**WHAT TO PRODUCE:** Begin at the line below that holds "Prince William Harry Meghan interview" and end at the line that holds "Izone Hoodie #8 (MR)", transcribing each line exactly and skipping any picture.

**LISTED RECORDS:**
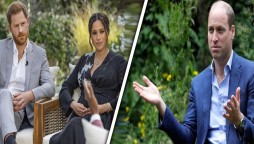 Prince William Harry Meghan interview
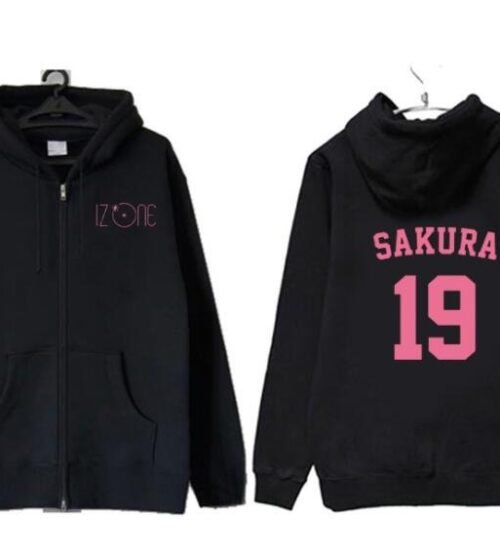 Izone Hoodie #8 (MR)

==

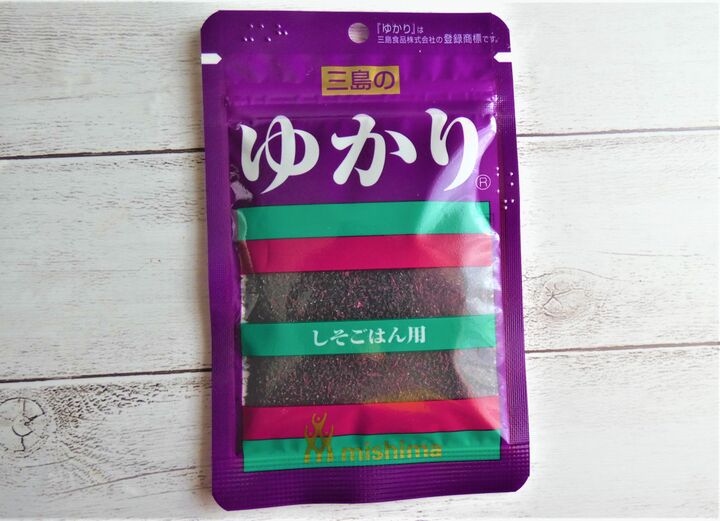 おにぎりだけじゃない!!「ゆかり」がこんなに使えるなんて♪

...

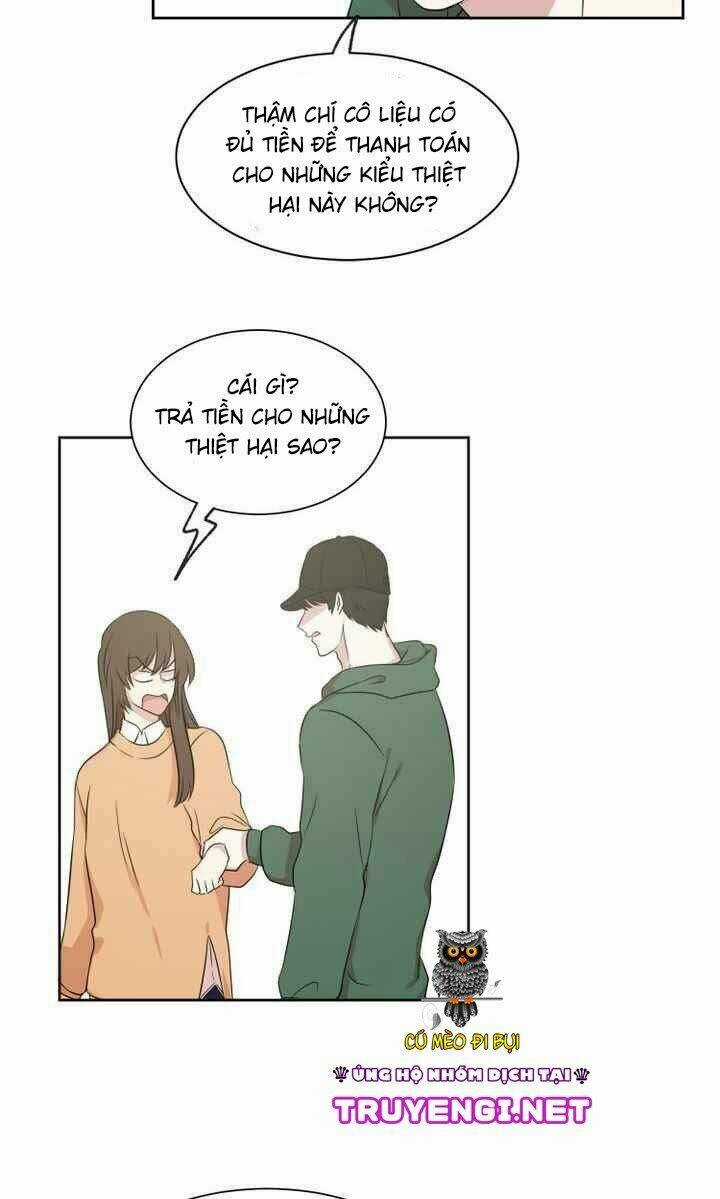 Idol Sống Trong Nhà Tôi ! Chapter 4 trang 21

**TASK RESULT:**
 Prince William Harry Meghan interview
 Izone Hoodie #8 (MR)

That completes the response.